### AVAILABLE DATA
_ _ _ _

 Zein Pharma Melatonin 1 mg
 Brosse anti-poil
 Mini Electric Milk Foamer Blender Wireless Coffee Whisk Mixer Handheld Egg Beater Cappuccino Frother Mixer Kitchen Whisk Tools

_ _ _ _

### ABOUT THIS EXERCISE
Restate word for word the lines from the line containing "Brosse anti-poil" through the last line of the listing, inclusive, and nothing beyond them.

### TASK OUTPUT
 Brosse anti-poil
 Mini Electric Milk Foamer Blender Wireless Coffee Whisk Mixer Handheld Egg Beater Cappuccino Frother Mixer Kitchen Whisk Tools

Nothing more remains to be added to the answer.